In the DIS sector, the authors recast the neutral‑current cross sections measured by the CHARM and CDHS experiments in terms of the same GNI parameters. By adding the ε‑ or C‑terms to the SM partonic cross sections, they obtain modifications proportional to left‑ and right‑handed quark charges (g_{qL}, g_{qR}) and new scalar/tensor contributions that grow with the momentum transfer Q². Because DIS probes large Q² and accesses individual quark flavors, it is especially sensitive to tensor operators. The analysis shows that DIS limits tensor couplings down to ∼10⁻⁴, an order of magnitude stronger than CEvNS, while scalar couplings are constrained at a level comparable to, but slightly weaker than, the low‑energy bounds.

The key insight is the complementarity between the two experimental regimes: low‑energy CEvNS experiments provide the strongest constraints on scalar interactions due to coherent enhancement, whereas high‑energy DIS experiments dominate the limits on tensor interactions because of their Q²‑dependent sensitivity. Vector and axial couplings receive comparable constraints from both types of measurements. By establishing a unified parametrization, the authors enable direct comparison of results across experiments that previously used different conventions.
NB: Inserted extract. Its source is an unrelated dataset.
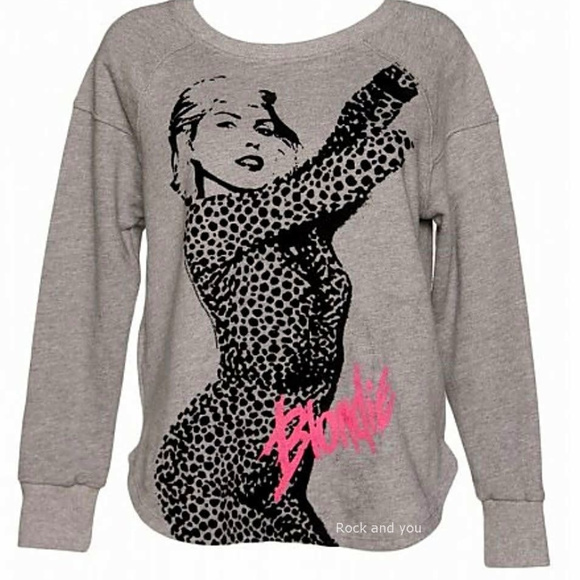 Junk Food Debbie Harry Blondie Leopard Pullover punk rock Official rare L NWT - Picture 2 of 5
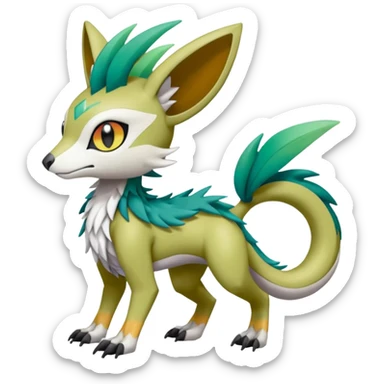 Meloetta-Vernid-Trico-Fionbri-Sergal-Pokémon-Digimon-Fakémon-fusion-hybrid-creature sticker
The paper concludes by highlighting the importance of a common GNI framework for future global fits, especially with upcoming facilities such as DUNE and Hyper‑K, which will span both low‑ and high‑energy neutrino interactions. The authors also note that many specific BSM scenarios (leptoquarks, light mediators, neutrino magnetic moments) map onto particular combinations of the scalar or tensor GNI coefficients, so the presented limits can be readily interpreted in model‑specific contexts. Overall, the work provides a valuable reference for both theorists and experimentalists aiming to constrain non‑standard neutrino interactions in a coherent, model‑independent manner.